If the offence is proved, the defendant then has the option of trying to adduce a defence to either justify or excuse his otherwise murderous actions.

Thus when a person is not-guilty of murder due to self-defence. It is not that he did not commit murder. If he had not committed murder, there would be no need to look to self-defence. It is that we see him as justified in his actions and therefore not culpable.

The difference between not-guilty and innocent is particularly important in this case.
Phaikia.....I'm not convinced.
In the first place you dont get to defend yourself after the charges have been proved, you can appeal at that point if you have sufficient grounds, and enter evidence as to mitagating circumstances regarding sentencing.

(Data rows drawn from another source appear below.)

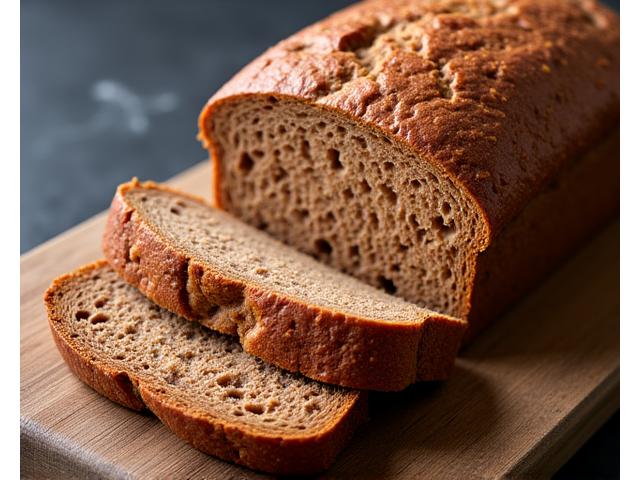 Donker volkorenbrood in plakken gesneden
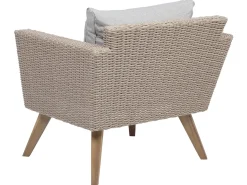 Clearance Beliani Set da giardino con tavolo 4 posti VITTORIA Rattan sintetico (PE) Grigio Beige Naturale Marrone Grigio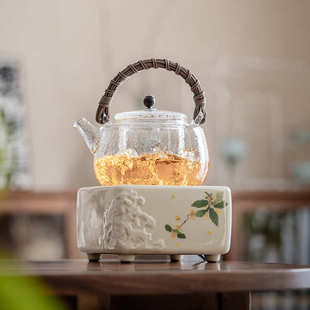 围炉煮茶器具家用室内全套电陶炉烤火炉茶具套装 2024新款 玻璃茶壶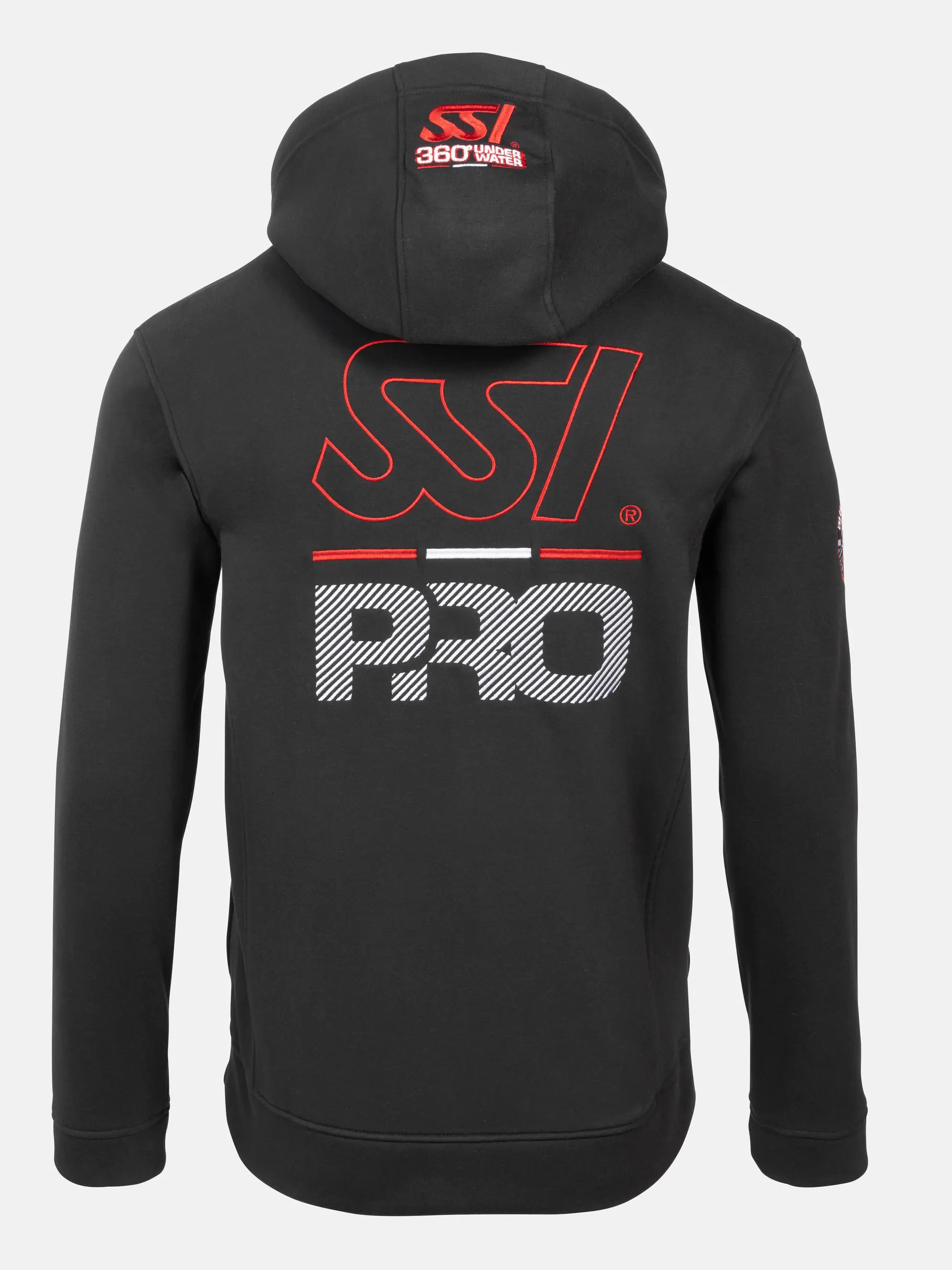 , visualizzare l'immagine full size della vista frontale di Product detail - Bonded Fleece Hoodie - SSI Pro black/lightgrey
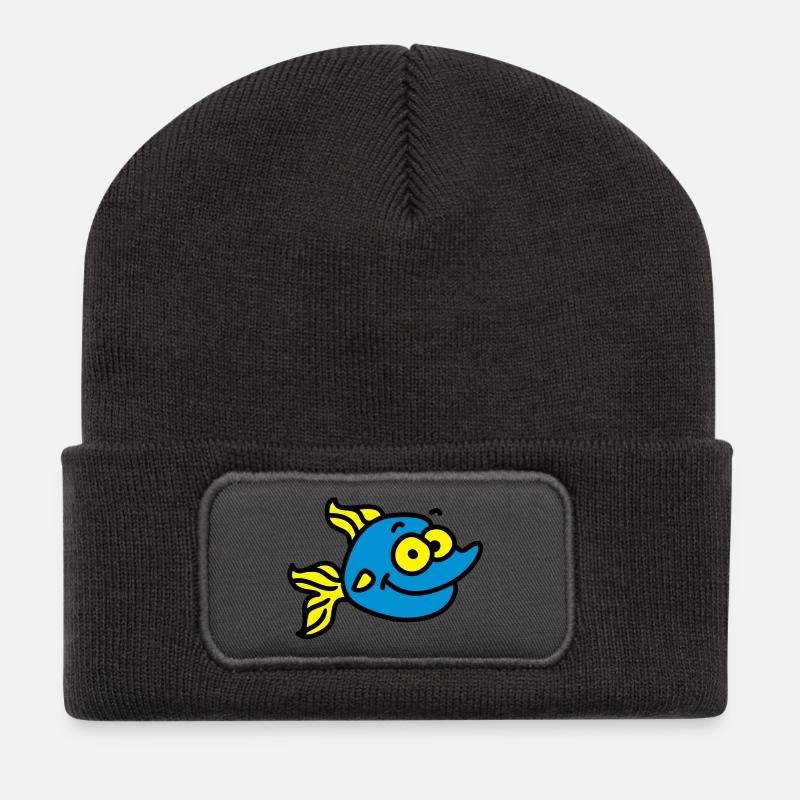 lustiger Fisch - Recycelte Patch Beanie - Dunkelgrau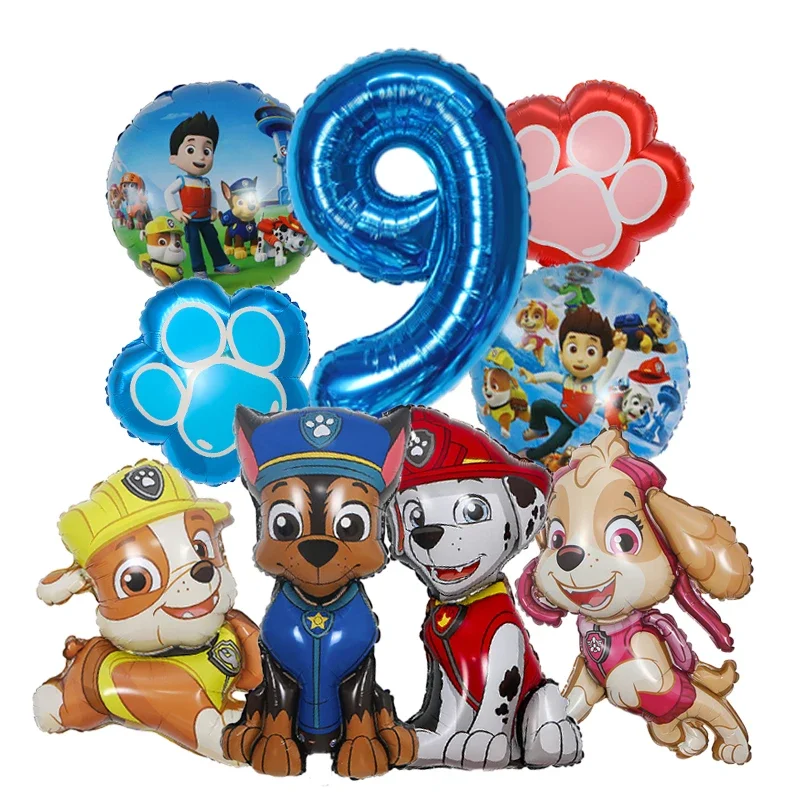 9 stücke Cartoon Paw Patrol Folie Ballon Digitale Anzahl Liefert Rettungs Hund Kinder Geburtstag Party Dekoration Baby Geschenk Chase Skye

I'm not entirely certain, but I'm under the impression that nations that leagally overtly allow for lethal force to be used in self defence, do not necessarily prosecute where there is no doubt that death occured as a result of self defence.

I would also suggest that the requisite intent is not found to have occured where a person is found not capable of forming the requisite intent, or simply found never to have formed criminal intent (for instance they were acting to defend themselves).

To suggest someone is not guilty, is to suggest that it has not been proven that they did commit the crime they are not guilty of, in some cases this is in spite of the fact that no one believes the accused didnt commit the acts that directly caused the death of another person. As you pointed out intent is a crucial component of commiting a crime. A person who's only intent was to defend themselves, or a person who was insane and incapable (legally) of forming criminal intent, isnt found 'not-guilty' because it was proved they commited a crime, then they offered some form of mitigation and we agreed that despite a crime being commited we would 'let them off'. Rather they have (so far as I can work out) been found to have not commited a crime, because a necessary component of the crime have been accused of (intent) has not been proven to be present......or at least that's how I have always reasoned it.... :p ;)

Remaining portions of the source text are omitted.